Gerard led them back to the curtain of flowstone and pointed behind it. Lena peered into the space and discovered that the soldier’s hiding place was the mouth of another tunnel. It opened four feet above the flooded floor.
But where did it lead?
She turned to find Gerard pulling out a hand-drawn map from his pocket. He shook it open and splayed it on the wall. It appeared to be a detailed sketch of this cavern system.
“We are here,” he said, stabbing a thick finger on a spot on the map. “According to Wrightson’s geological study of the surrounding area, this set of caves connects to a series of tunnels and caverns that run deeper and farther through the mountains. Possibly as far as Đula’s Abyss.”

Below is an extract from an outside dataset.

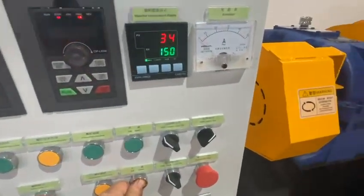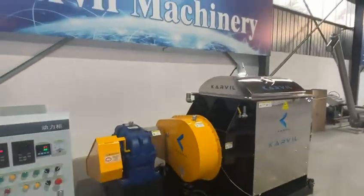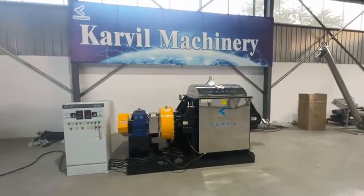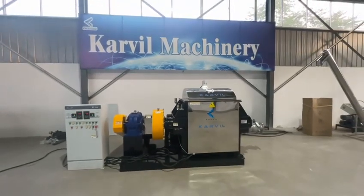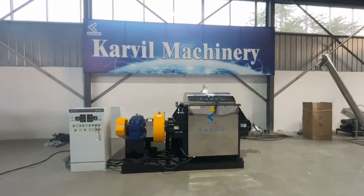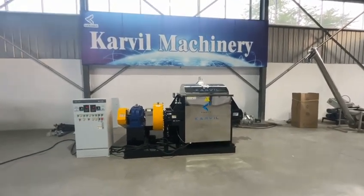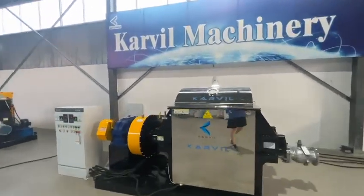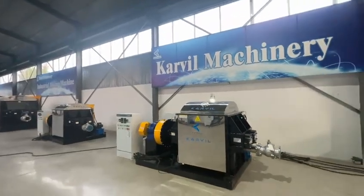Now I close the lid. So this is a simple test for the 5L model Sigma mixer. There is no problem with the basic functions. If you have any interest in this kind of mixer or need one, please don't hesitate to contact us for more information. This is from Kaveh Machinery Technology Company in China — thanks for watching.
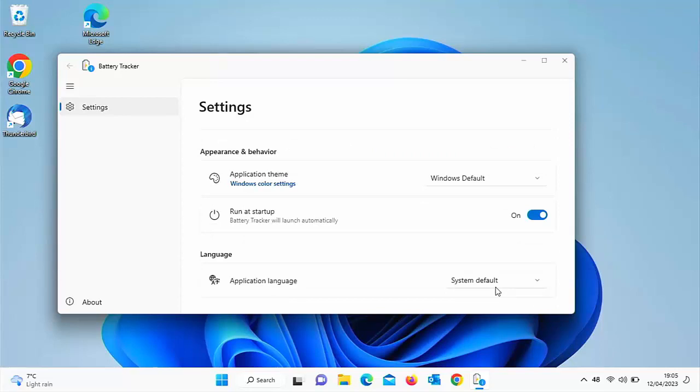The last option is application language. There aren't too many choices — Chinese or English United States. I'd say leave that on system default. So there you go — that's a great little app that shows you all the time on your taskbar how much battery percentage you've got left. I hope you like this video, and if you did, why not stick around? I've got thousands of other videos covering all sorts of subjects — hopefully you'll find something to educate you, entertain you, amuse you, and maybe even save you some time and money.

Gerard turned to Roland, but the priest wore a doubtful expression.
“What is he talking about?” Lena asked.
“You came through the city of Ogulin to get here, yes?” Roland asked.
She nodded, remembering the quaint medieval village with its stone castle and old homes.
“The town sits atop Croatia’s longest caving system, over twenty kilometers of caverns, passageways, and subterranean lakes. In the center of town is one of the openings into that system.”
“In the middle of town?” she asked.
Roland explained, “The River Dobra flows out of the neighboring mountains and carves a deep gorge that runs halfway through Ogulin. In the town’s center, it drops through an abyss, where it vanishes underground and becomes a subterranean river. That point is called Đula’s Abyss. Legends surround that place, telling of a young girl named Đula who threw herself into its depths to avoid marrying an old and cruel nobleman.”